- Developer: Demonware Softwarehaus
- Publisher: Demonware Softwarehaus
- Producer: Will Weber
- Designers: Kurt Cotoaga Andreas Herbst
- Artists: Boris Kunkel Jörg Ritter
- Composer: Torsten Gellrich
- Platform: Amiga
- Release: 1990
- Genre: Action game
- Mode: Single-player

= Final Countdown (video game) =

1990 video game

Final Countdown is a side-scrolling action-adventure game developed and published by Demonware Softwarehaus for the Amiga, and released in 1990. The game is set in the 25th century, and sees players taking on the role of a female space station commander who boards an asteroid-like space ship to investigate it after it is found to be on a collision course for Earth, navigating around and dealing with various hazards and hostile robots along their way.

==Gameplay==
Players take on the role of a female space commander who must explore various levels of an alien spaceship (disguised as an asteroid). Each level is divided into three floors, and differ in obstacles, hostile robots and other hazards, with special teleporters that are used to switch between levels. To navigate around the levels, players can walk where possible, and use a jetpack to move between floors - if a lift is not available to do so - as well as to cross gaps and avoid certain hazards like active mines. Using the jetpack consumes fuel, which can only be replenished by picking up energy cells scattered around the level.
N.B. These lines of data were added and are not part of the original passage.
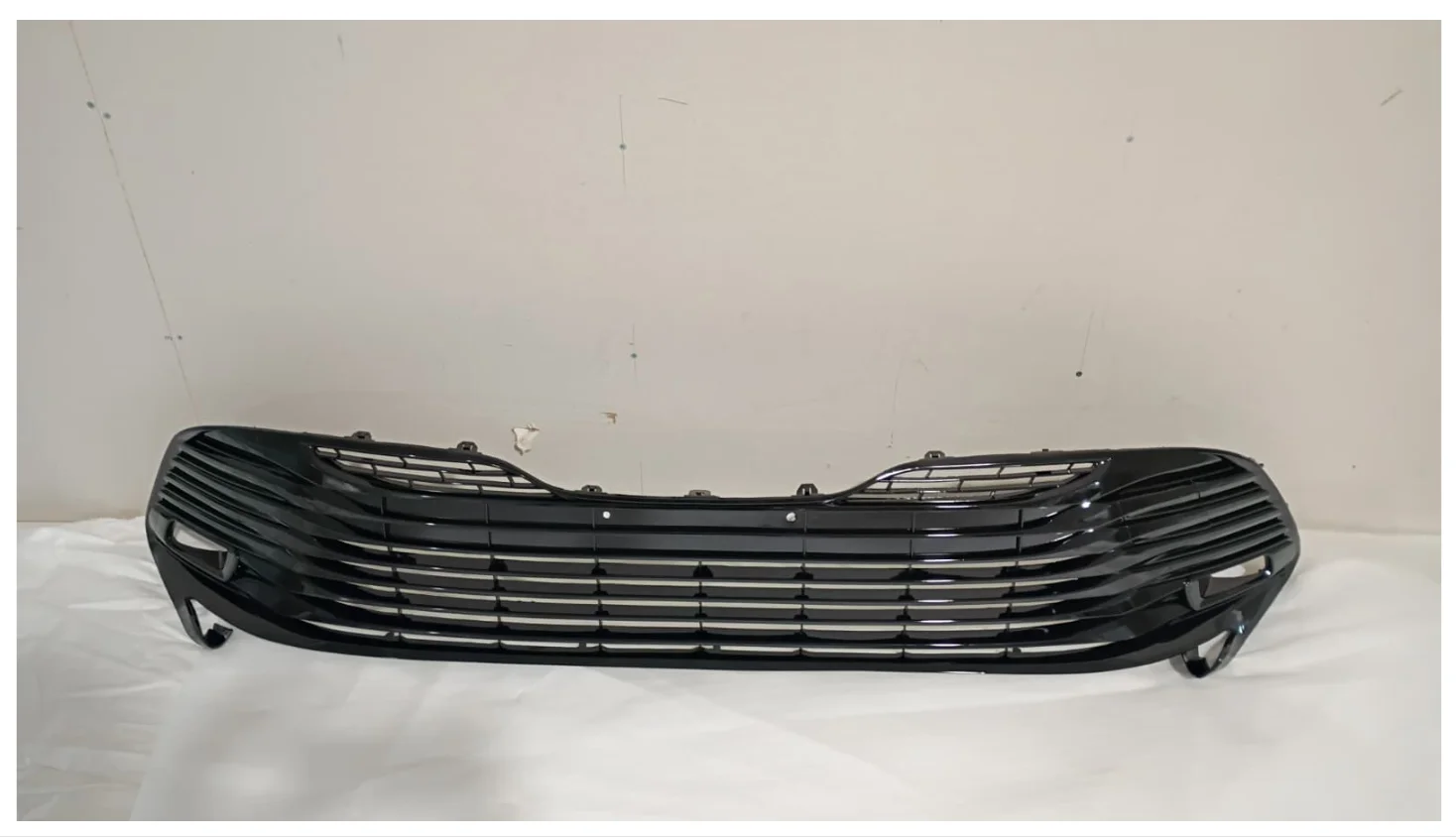 2018 - 2020 Toyota Camry Front Bumper Grille W/Radar Holes Grill Painted L/LE/XLE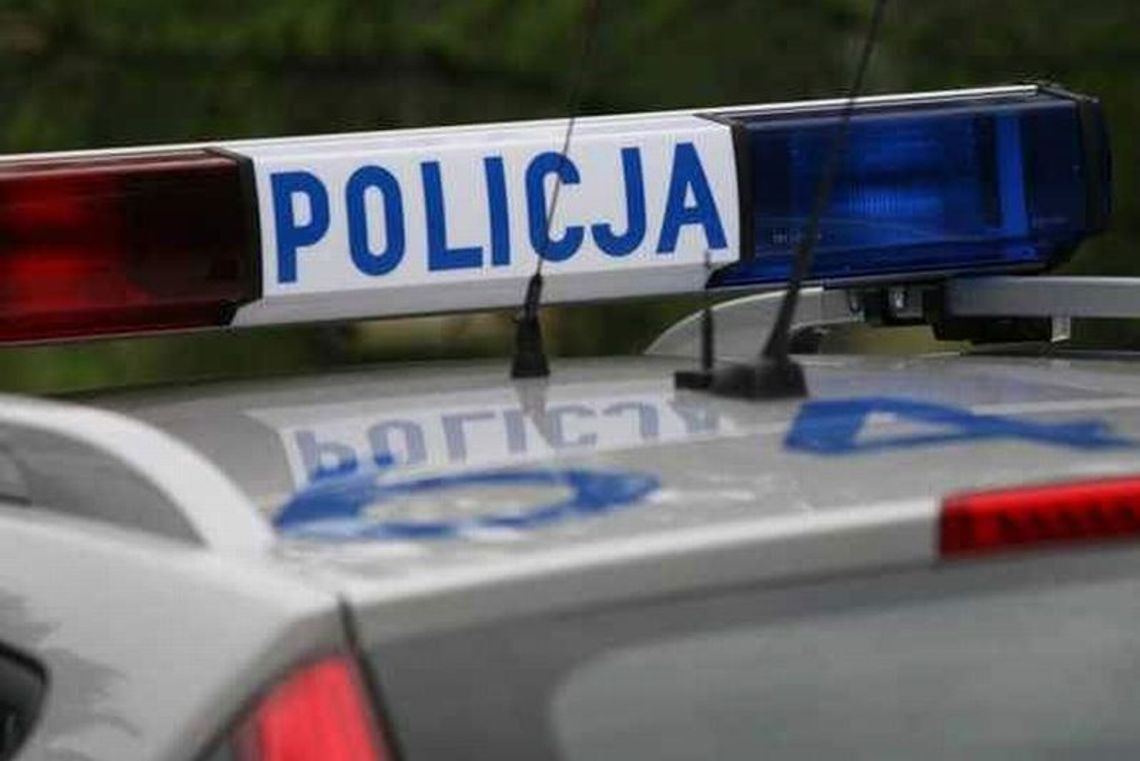 17-latkowie pobili młodszego kolegę, bo przegrali mecz szkolny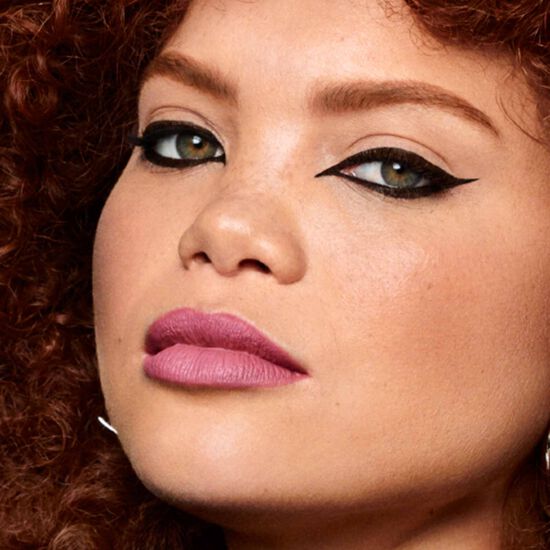 Kẻ Mắt Nước Kat Von D Tattoo Liner - Image 5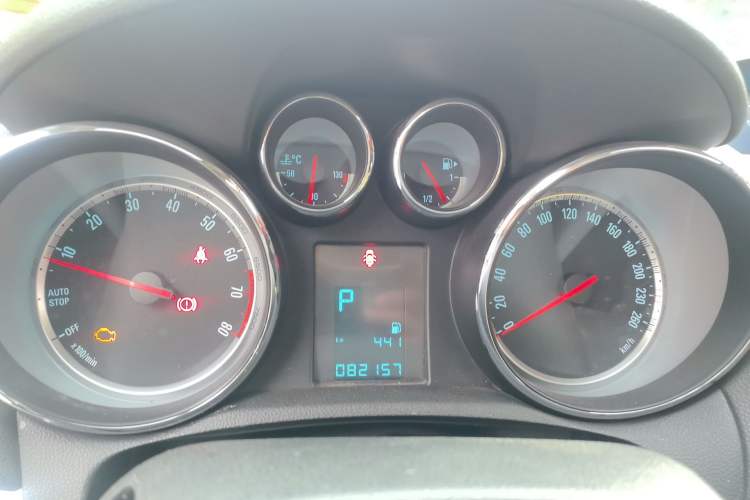 Used Buick Encore 2015 1.4T Automatic Two-Wheel Drive Urban Elite Version Instrument Cluster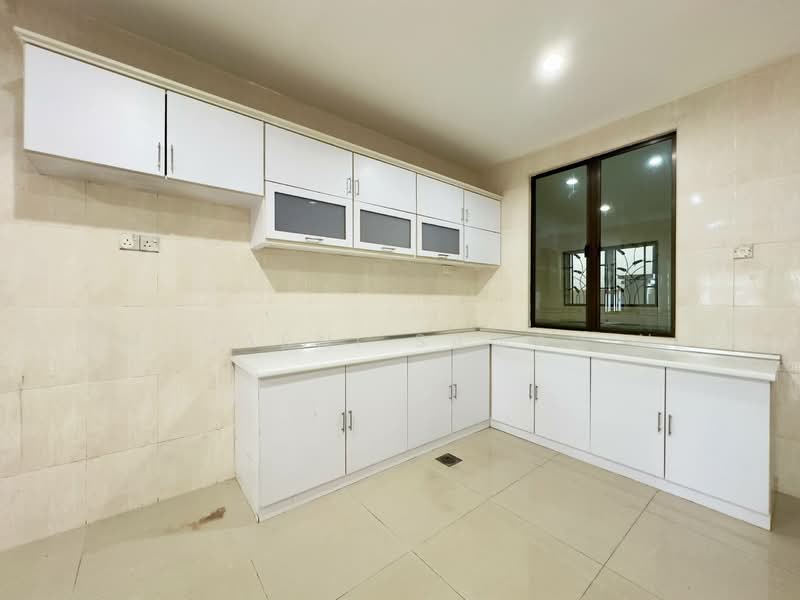 Taman Aman Perdana untuk Untuk Dijual - RM 1,120,000, Mac 2026 - Kitchen - PropertyGuru.com.my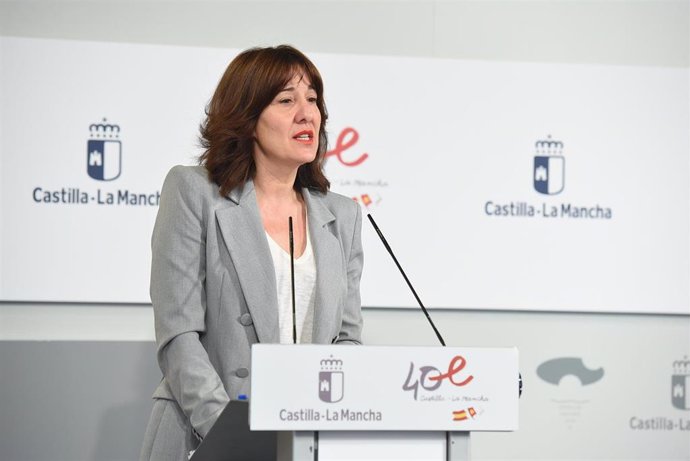 La portavoz del Gobierno de Castilla-La Mancha, Blanca Fernández, en rueda de prensa.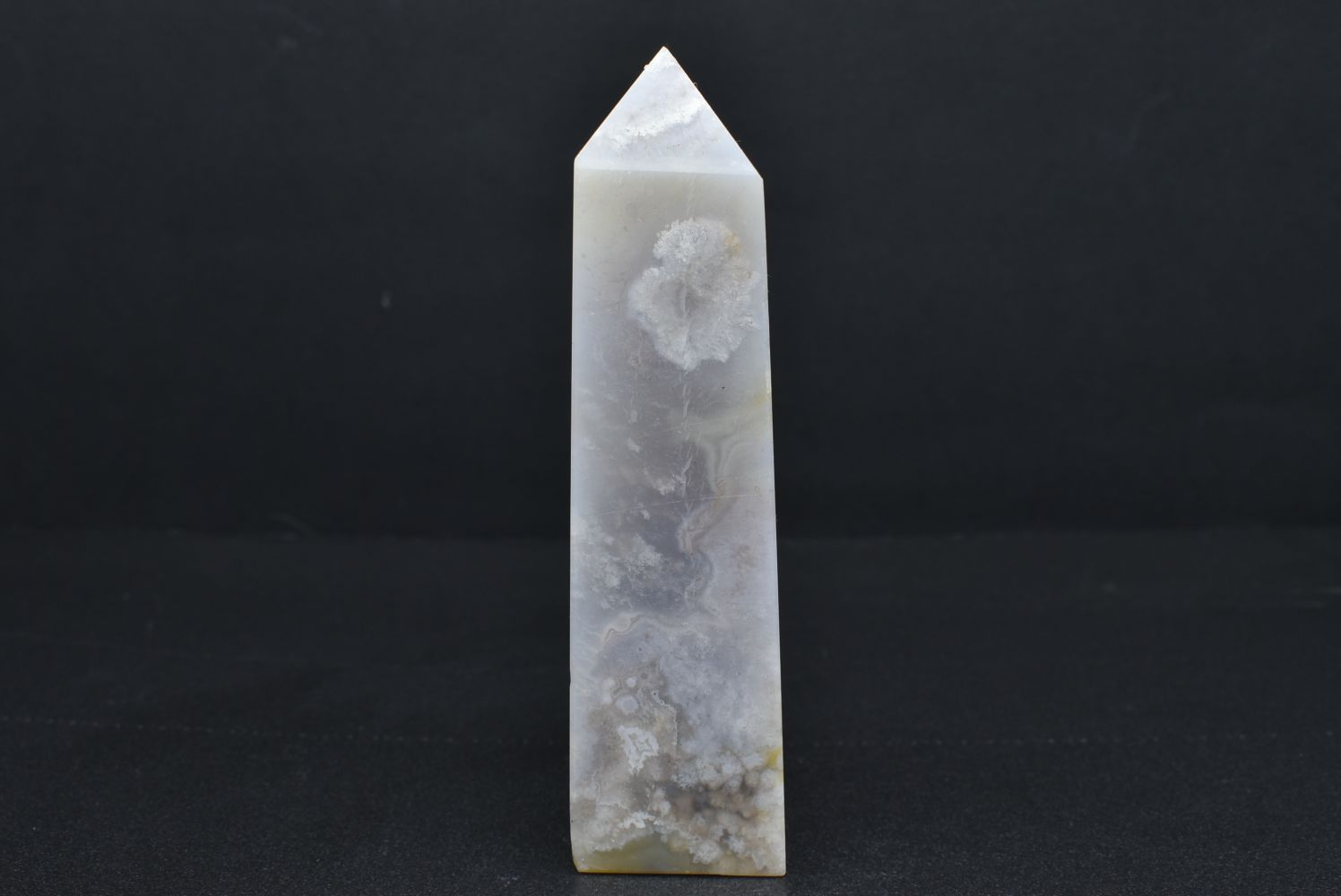 Sakura Agate Obelisk 9.7 cm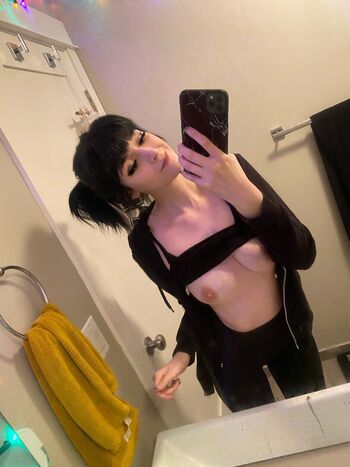 Ivy Aura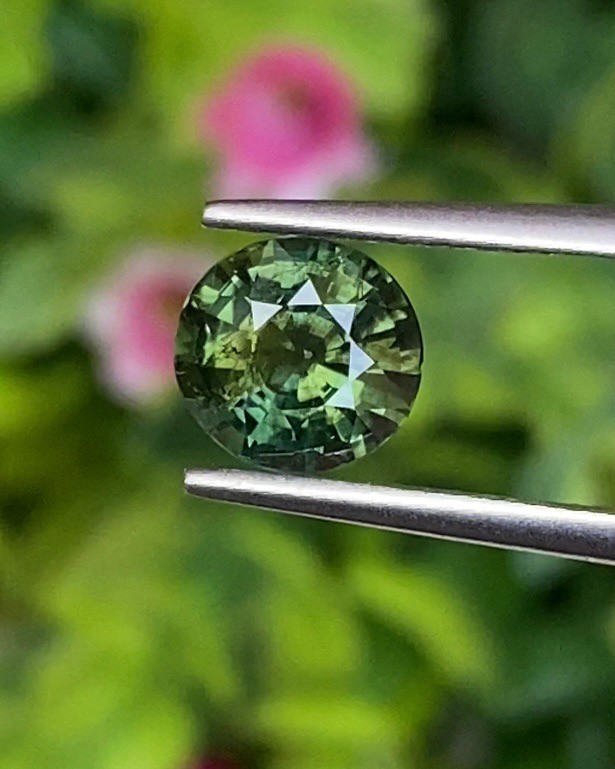 พลอย เขียวส่อง Green Sapphire 1.48 กะรัต (Cts.) ดิบ (Unheated) สี Vivid Green พร้อมใบเซอร์ (With Certificate) พลอยแท้ อัญมณีมงคลประจําวันเกิด เครื่องประดับพลอย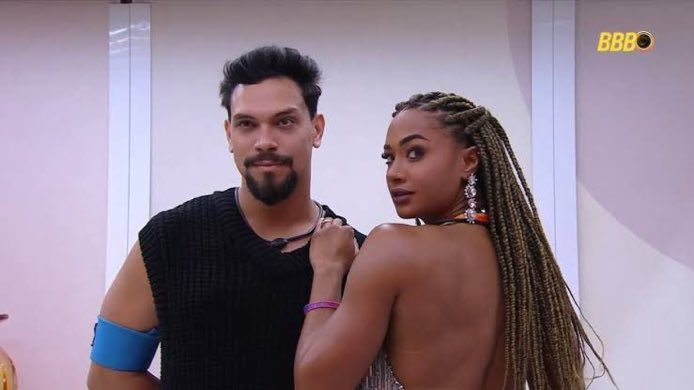 genoL69L's tweet photo. E vamos salvar o Vini novamente!!!
A leoa com certeza tem muito orgulho do amigo.
#BBB25 #alinepatriarca #leoa #evaeliminada #vini https://t.co/C20TURApfm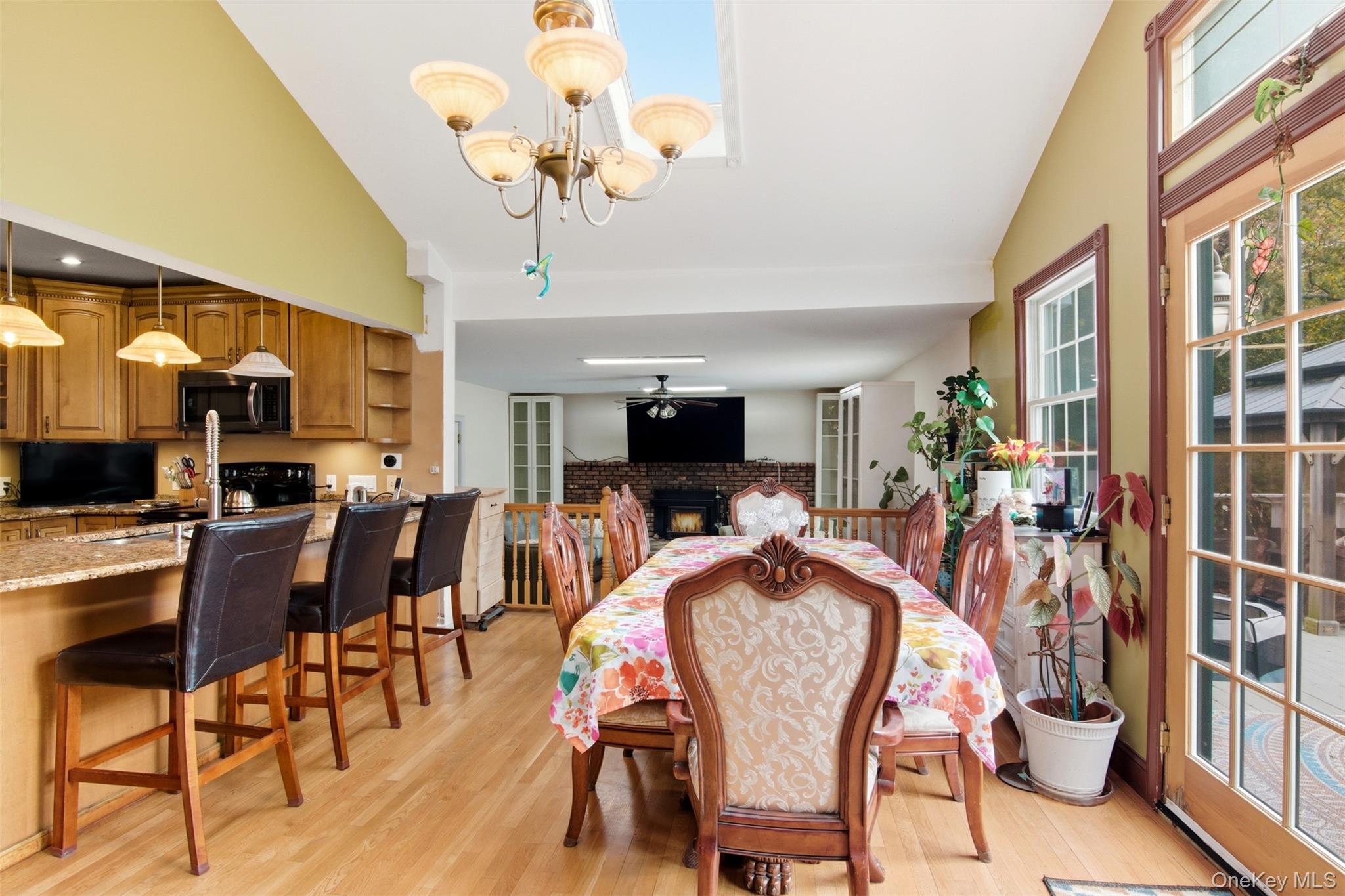 264 Amityville Street, Islip Terrace, NY 11752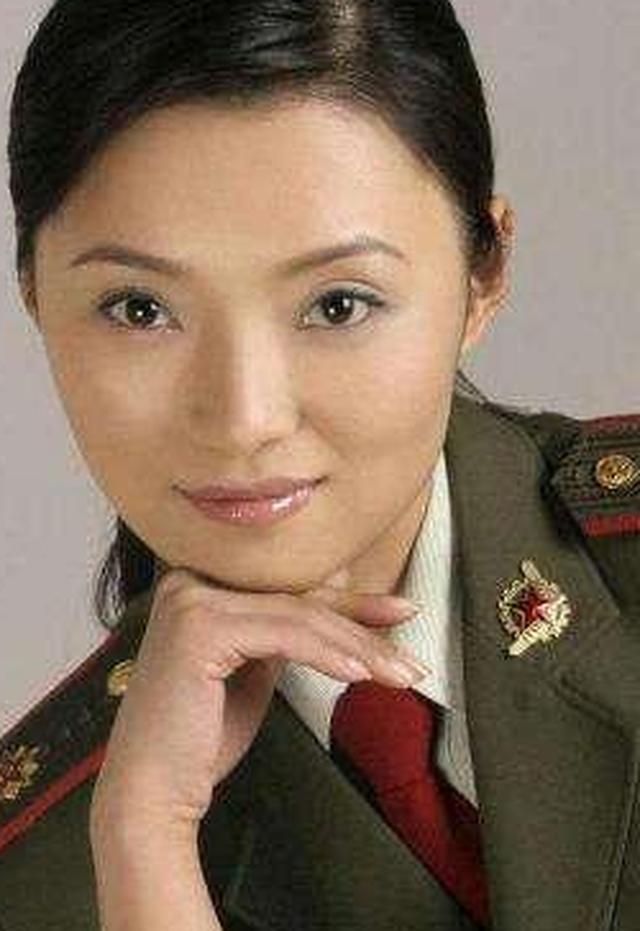 《亮剑》李云龙忍痛炮轰的杨秀芹,她原来这么漂亮,是个文艺女兵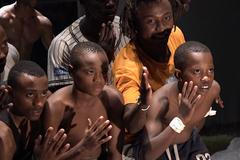 La Putyka zkouší se rwandskými akrobaty. Místo trampolíny mají doma pneumatiku, říká režisér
Along with hazards, each level comes with a variety of robots - while some are peaceful, others will kill the player or trigger a ship-wide alarm. For hostile robots, the player can make use of energy doors to control where they operate, alcoves to get past them, or set down mines to destroy them - these can be acquired in levels in an inactive form; once set down, they can be picked up before they activate.

Computer consoles found in levels can be interacted with - these require text commands to operate, such as "SHOW IMAGE" or "TYPE FILE", with the player able to use computers to either read documents, view image files, or activate and deactivate certain lifts, robots and doors. Some actions are security locked, and the player is required to find the right code to avoid triggering an alarm. The player will respawn in a level if they touch a hazard or hostile robot, but this will consume mission time in doing so. The game is over if they trigger the ship's alarm or take too long to complete the game.

==Synopsis==
In the year 2437AD, an asteroid is detected entering the Solar System, near to Pluto. An orbital communication facility, designated Tercom I, attempts to scan the asteroid, but its onboard AI computer systems determine it is not a natural object, after all efforts to investigate it remotely are thwarted by an unknown entity. Deciding to investigate themselves, Tercom I's commanding officer, Laira Tyrik, teleports to the asteroid's interior. Once aboard, she discover the asteroid is in fact an alien ship, which is slowly entering a collision course with Earth and is equipped with powerful weapons technology that could destroy not only the planet, but the Solar System as well.

To prevent this, Laira explores the ship, dealing with hazards and alien robots, whilst carefully interacting with the ship's computer, effectively deactivating systems and setting it on a course that will leave the system.

==Reception==

Final Countdown received mixed but mostly positive reviews, including 75% and 76% in Amiga Action, 70% in Amiga Format, 81% in Amiga Joker, 6/10 in Datormagazin, and 32% in PowerPlay.